Building AI Agents with Python: A Practical Guide

AI agents are programs that can reason, plan, and take actions autonomously. Unlike simple chatbots that just respond to prompts, agents can use tools, maintain memory, and execute multi-step workflows. In this guide, we’ll build one from scratch.

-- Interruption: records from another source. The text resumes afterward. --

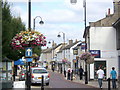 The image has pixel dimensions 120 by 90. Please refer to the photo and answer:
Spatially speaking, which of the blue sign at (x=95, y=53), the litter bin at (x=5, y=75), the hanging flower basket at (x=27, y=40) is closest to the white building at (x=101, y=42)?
the blue sign at (x=95, y=53)

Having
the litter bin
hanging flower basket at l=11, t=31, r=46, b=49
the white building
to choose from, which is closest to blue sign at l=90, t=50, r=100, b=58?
the white building

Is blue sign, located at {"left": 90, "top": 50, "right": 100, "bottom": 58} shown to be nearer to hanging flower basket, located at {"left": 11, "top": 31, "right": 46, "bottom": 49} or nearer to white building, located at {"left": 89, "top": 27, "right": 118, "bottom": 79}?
white building, located at {"left": 89, "top": 27, "right": 118, "bottom": 79}

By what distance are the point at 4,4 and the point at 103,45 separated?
58.3 ft

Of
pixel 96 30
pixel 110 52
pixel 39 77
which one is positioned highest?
pixel 96 30

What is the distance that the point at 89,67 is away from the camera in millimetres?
34625

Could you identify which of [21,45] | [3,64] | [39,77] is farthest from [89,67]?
[21,45]

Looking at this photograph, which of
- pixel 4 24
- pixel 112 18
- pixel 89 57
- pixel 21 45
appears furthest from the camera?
pixel 112 18

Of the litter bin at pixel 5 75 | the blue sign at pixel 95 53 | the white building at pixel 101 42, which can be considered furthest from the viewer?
the white building at pixel 101 42

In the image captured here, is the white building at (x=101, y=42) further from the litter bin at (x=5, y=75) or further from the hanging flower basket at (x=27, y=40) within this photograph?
the hanging flower basket at (x=27, y=40)

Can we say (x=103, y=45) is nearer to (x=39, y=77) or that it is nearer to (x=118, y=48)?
(x=118, y=48)

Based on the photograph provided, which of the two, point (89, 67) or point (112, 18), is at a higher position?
point (112, 18)

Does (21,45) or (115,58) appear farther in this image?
(115,58)

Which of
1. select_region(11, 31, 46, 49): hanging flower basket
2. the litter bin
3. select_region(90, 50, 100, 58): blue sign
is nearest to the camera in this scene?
select_region(11, 31, 46, 49): hanging flower basket

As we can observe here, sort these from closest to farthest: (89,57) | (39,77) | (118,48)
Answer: (39,77) < (89,57) < (118,48) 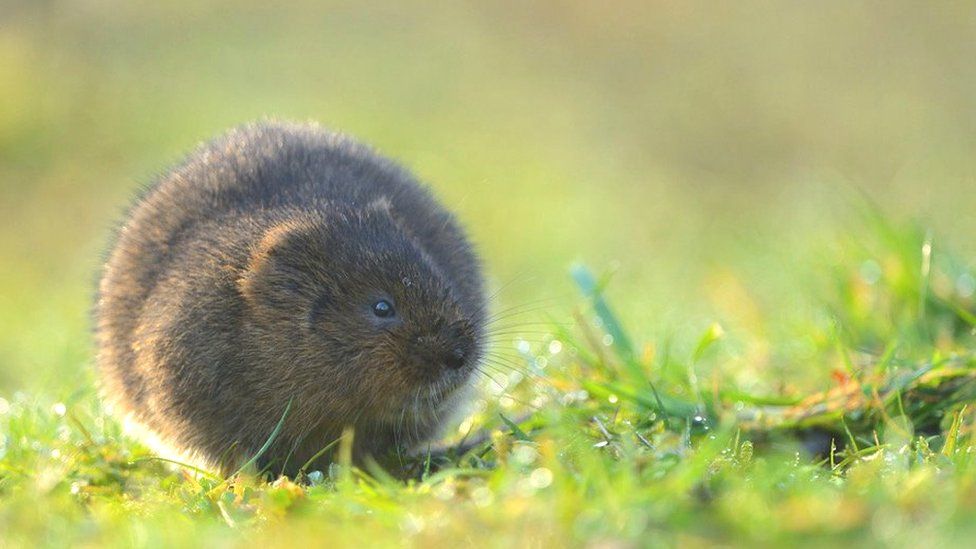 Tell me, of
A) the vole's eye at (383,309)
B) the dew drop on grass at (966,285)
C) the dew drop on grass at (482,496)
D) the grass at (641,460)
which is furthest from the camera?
the dew drop on grass at (966,285)

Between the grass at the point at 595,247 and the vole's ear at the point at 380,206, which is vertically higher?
the vole's ear at the point at 380,206

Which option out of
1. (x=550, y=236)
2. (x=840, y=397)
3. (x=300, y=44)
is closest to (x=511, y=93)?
(x=300, y=44)

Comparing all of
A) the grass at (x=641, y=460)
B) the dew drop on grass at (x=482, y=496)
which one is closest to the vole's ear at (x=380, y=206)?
the grass at (x=641, y=460)

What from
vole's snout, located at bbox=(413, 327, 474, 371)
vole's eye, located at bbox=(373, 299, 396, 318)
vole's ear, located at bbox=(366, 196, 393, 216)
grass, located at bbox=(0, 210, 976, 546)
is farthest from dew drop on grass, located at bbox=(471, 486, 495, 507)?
vole's ear, located at bbox=(366, 196, 393, 216)

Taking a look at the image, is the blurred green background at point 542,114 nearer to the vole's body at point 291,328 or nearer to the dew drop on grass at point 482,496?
the vole's body at point 291,328

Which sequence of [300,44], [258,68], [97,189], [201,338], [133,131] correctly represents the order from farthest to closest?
[300,44] → [258,68] → [133,131] → [97,189] → [201,338]

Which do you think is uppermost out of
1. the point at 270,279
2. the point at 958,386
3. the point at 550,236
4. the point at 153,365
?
the point at 270,279

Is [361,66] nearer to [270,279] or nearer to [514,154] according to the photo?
[514,154] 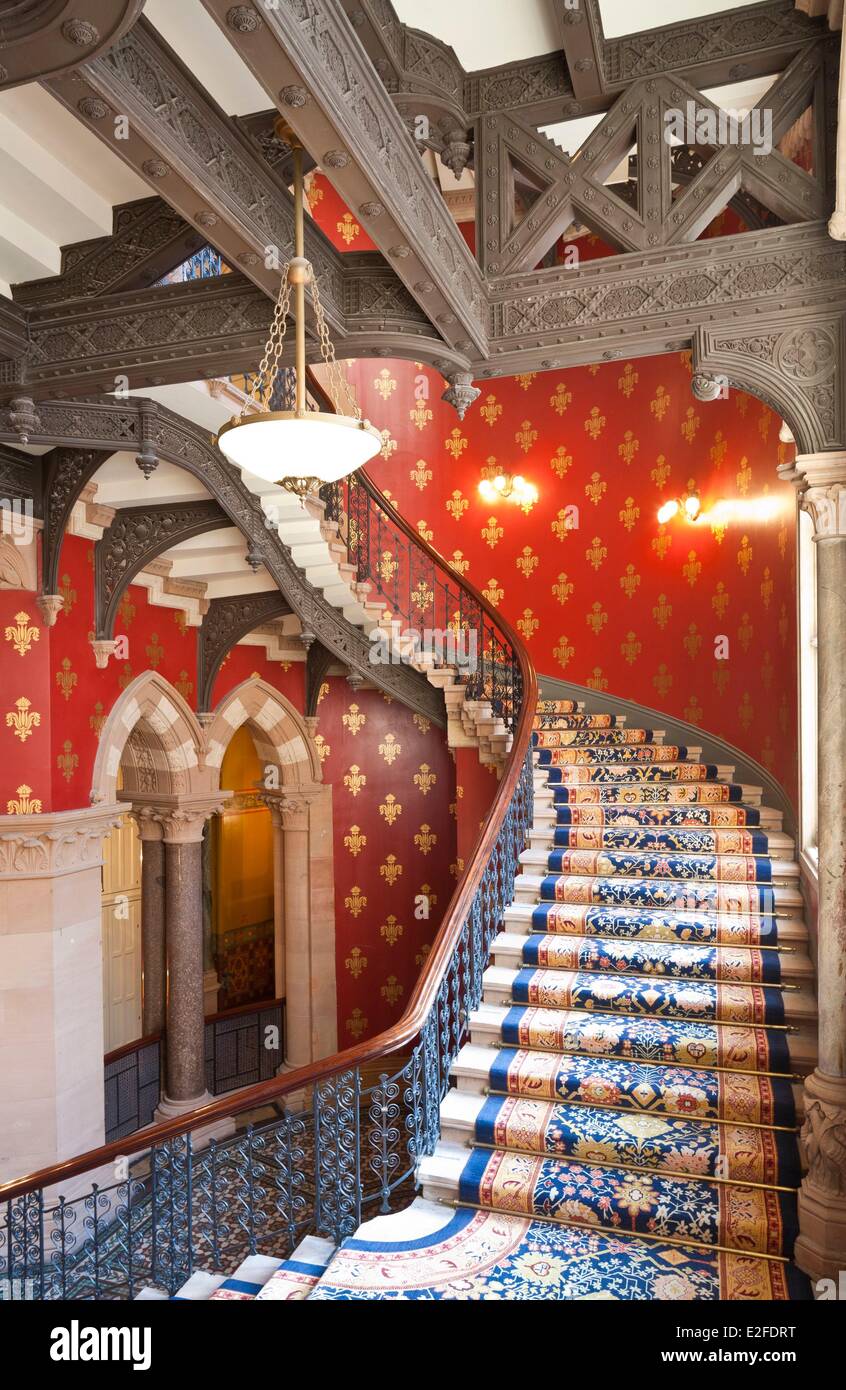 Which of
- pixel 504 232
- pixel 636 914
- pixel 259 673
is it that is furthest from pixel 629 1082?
pixel 259 673

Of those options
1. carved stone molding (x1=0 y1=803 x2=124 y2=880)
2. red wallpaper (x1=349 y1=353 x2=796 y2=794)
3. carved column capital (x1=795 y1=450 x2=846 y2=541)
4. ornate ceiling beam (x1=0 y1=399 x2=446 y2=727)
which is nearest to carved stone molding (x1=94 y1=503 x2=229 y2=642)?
ornate ceiling beam (x1=0 y1=399 x2=446 y2=727)

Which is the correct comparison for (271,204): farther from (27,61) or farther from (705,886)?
(705,886)

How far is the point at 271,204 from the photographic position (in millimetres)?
2908

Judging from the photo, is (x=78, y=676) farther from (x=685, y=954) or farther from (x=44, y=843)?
(x=685, y=954)

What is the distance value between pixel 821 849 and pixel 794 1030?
1.30m

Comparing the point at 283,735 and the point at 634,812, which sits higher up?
the point at 283,735

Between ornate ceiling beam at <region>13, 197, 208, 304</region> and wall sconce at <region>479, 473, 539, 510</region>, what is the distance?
19.3 ft

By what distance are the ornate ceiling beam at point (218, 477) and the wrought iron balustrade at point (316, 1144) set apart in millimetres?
531

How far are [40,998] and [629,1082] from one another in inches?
157

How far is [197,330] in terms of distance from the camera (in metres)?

Abstract visualization of an AI neural network with glowing nodes and connections

“The best way to predict the future is to invent it.” — Alan Kay

What You’ll Learn

What AI agents are and how they differ from chatbots
Setting up LangChain with OpenAI
Building a tool-using agent
Adding memory and context
Deployment considerations

Prerequisites

Before we start, make sure you have:

Python 3.11+ installed
An OpenAI API key
Basic understanding of async/await
Familiarity with pip and virtual environments

Tool	Version	Purpose
Python	3.11+	Runtime
LangChain	0.1.x	Agent framework
OpenAI SDK	1.x	LLM provider
FastAPI	0.100+	API serving
Redis	7.x	Memory store

Setting Up the Project

First, create a new project and install dependencies:

mkdir ai-agent && cd ai-agent
python -m venv .venv
source .venv/bin/activate
pip install langchain openai fastapi uvicorn redis

Create the project structure:

ai-agent/
├── agent/
│   ├── __init__.py
│   ├── core.py          # Agent logic
│   ├── tools.py         # Custom tools
│   └── memory.py        # Memory management
├── api/
│   └── server.py        # FastAPI endpoints
├── tests/
│   └── test_agent.py
├── .env
└── requirements.txt

Building the Agent Core

Here’s the heart of our agent — the core module that ties together the LLM, tools, and memory:

from langchain.agents import AgentExecutor, create_openai_tools_agent
from langchain_openai import ChatOpenAI
from langchain.prompts import ChatPromptTemplate, MessagesPlaceholder
from langchain.memory import ConversationBufferWindowMemory

class AIAgent:
    """An autonomous AI agent with tool use and memory."""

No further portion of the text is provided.